I much prefer the programming that came over from Sirius. I especially like the programming on "Classic Vinyl" even though I have to put up with Dusty Street. The XM equivalent played weird seldom-heard selections.

I also like "The Bridge" which XM didn't have.

The "decades" channels for the 60's and 70's had motormouth DJ's on XM and Sirius but the word must have filtered back up the chain since they now don't blab nearly as much and often play 2 or 3 selections without saying anything.

"The Strobe" is MUCH better than the old XM version (I don't even remember it's goofy name).

Believe it or not, I listen to the Clear Channel stations ("More Music" with commercials) a LOT. They don't have that many commercials and they feature NO DJ's. Plus, they seem to be programmed by much more knowlegeable folks than the "commercial free" music channels.

The thing I'm irked about are the sneaky price hikes. And no "ala carte" channel offerings. Apparently, the promises to the FCC in order to get the merger through have all fallen by the wayside.


----------



## wilbur_the_goose (Aug 16, 2006)

Thomas,
Wow - you're the first one I've seen that feels that way. To me, the XM playlists were much deeper and didn't repeat so often.

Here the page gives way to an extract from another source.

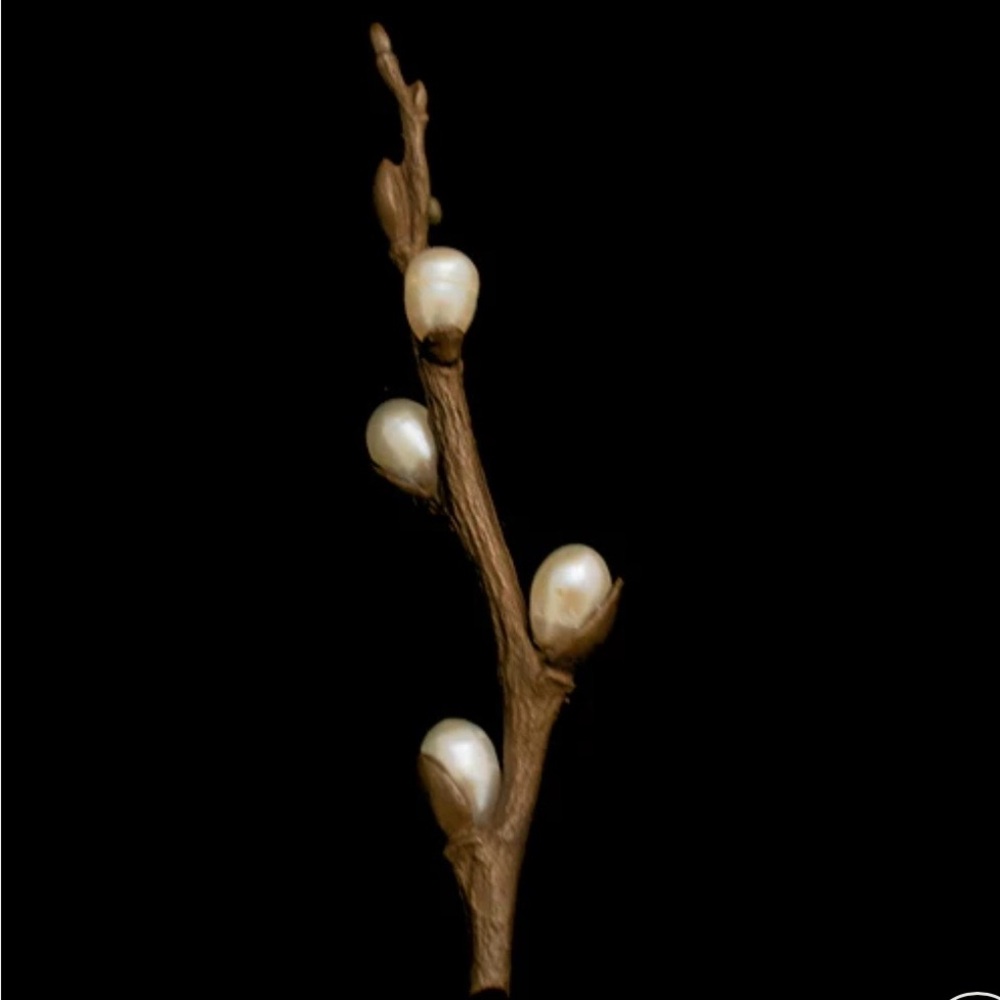 Michael Michaud P Willow Brooch Pin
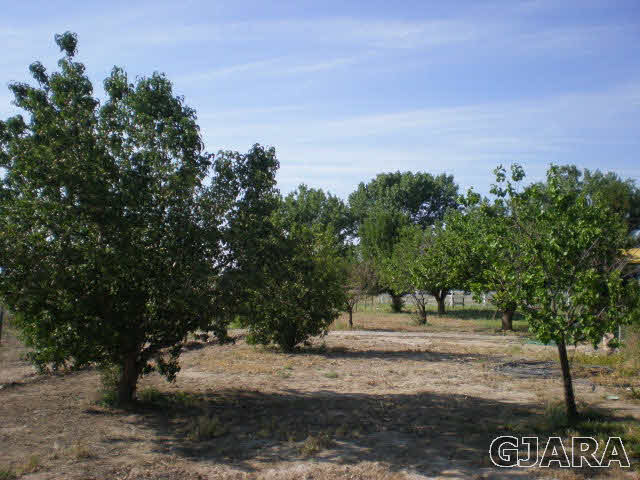 2322 I Road Grand Junction, CO 81505 - Photo 27 of 34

My wife really likes The Bridge, and I liked The Spectrum at the start. But they overplay everything.


----------



## DodgerKing (Apr 28, 2008)

ThomasM said:


> Nope.
> 
> I much prefer the programming that came over from Sirius. I especially like the programming on *"Classic Vinyl"* even though I have to put up with Dusty Street. The XM equivalent played weird seldom-heard selections.


How can you say this? Seriously, Top Tracks played everything Classic Vinyl plays and more. There music library was much more vast. I cannot understand why anyone would like a smaller music library of the music they like.

Top Tracks did not play weird seldom heard selections, they played more often heard selections, which is why they were called "Top Tracks".

I actually wish Classic Vinyl would play seldom heard selections. I much prefer to hear Emerald, Angel From the Coast, and the Cowboy Song off of Thin Lizzy's Jail Break album over the much overplayed Jail Break and The Boys are Back in Town.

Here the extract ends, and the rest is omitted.